Kosovo customs increases revenues within a year

For six months (January-June) the total inflow of Kosovo Customs totaled about 504.3m euros, which compared to the same period last year represents an increase of 3.5 per cent or about 17m euros more. Import-income impact on this [...]
The impact on import revenues for this period has had the effect of the SAA and fiscal packets referring to producers, where it should be stressed that the impact on access to SAA over this period is about 21m euros, or about 46.3 per cent more than the same period of last year, while the impact on customs revenues from the fiscal package that refers to tax release for producers over the reporting period is about 29.6 million.
Also, the impact on the import of used cars that notes a severe decline compared to last year, where we have 5,335 fewer cars, and this has contributed to a decline in revenues of 8.6m euros less. The total amount of negative impact in revenues from these categories over this period is close to 60 million, or expressed to percentage about 12 per cent of the total revenues collected by Kosovo Customs for this six months.
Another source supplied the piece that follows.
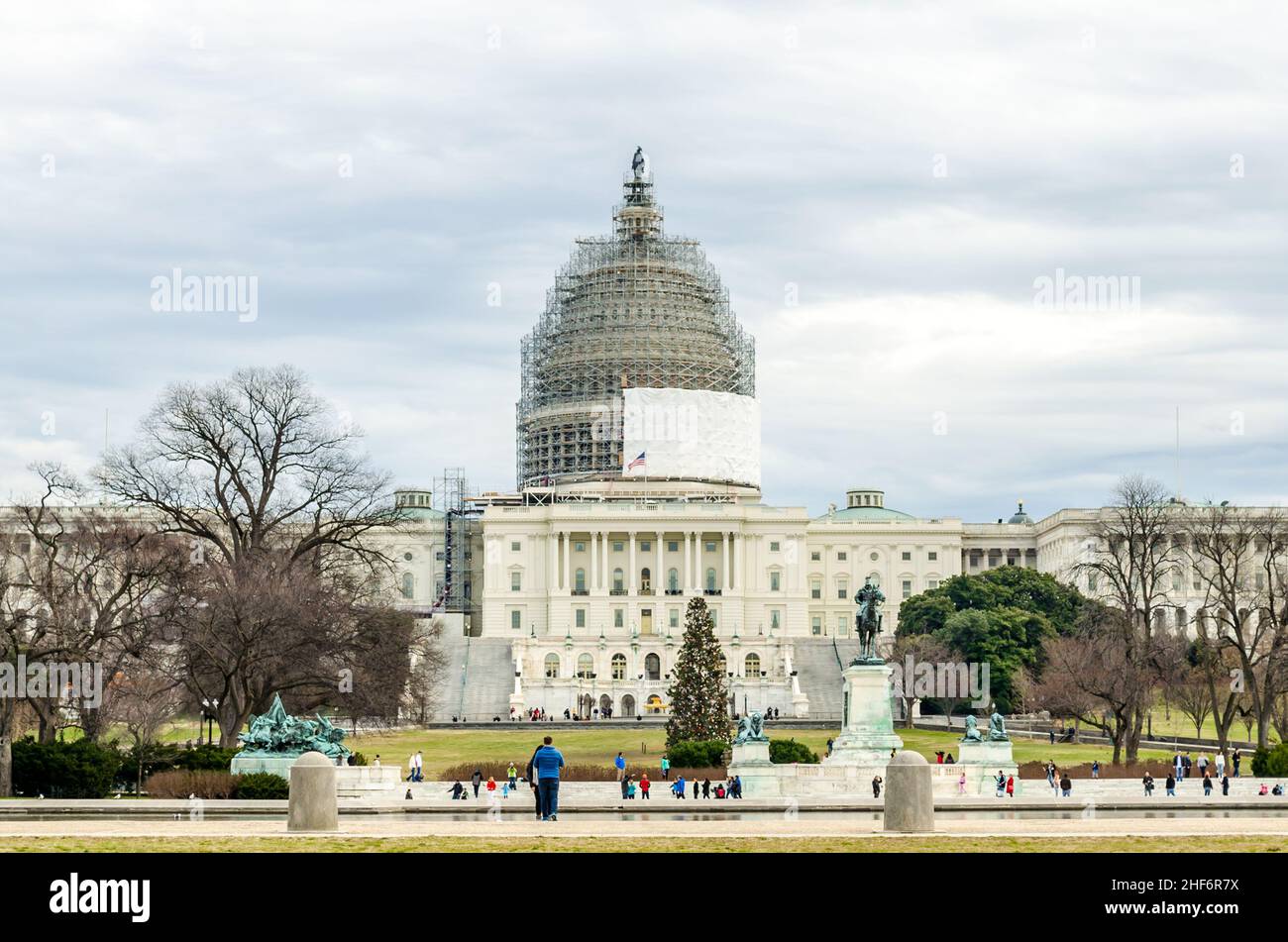 USA Capitol Building, il luogo d'incontro del Congresso degli Stati Uniti a Washington DC Foto Stock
Despite fiscal policies that favour releases and tax cuts in certain categories, such as stimulating economic development, as well as those stemming from the Stabilisation and Association Agreement, which this year is expected to have more impact on planned revenues, yet Kosovo Customs is continuing with very good performance in the collection of revenues, fighting the informal economy, smuggling and other areas that Dogana is responsible for, but also when we assess that these effects on fiscal policies and the MSA will have its most positive effect on the country's economic development and local production.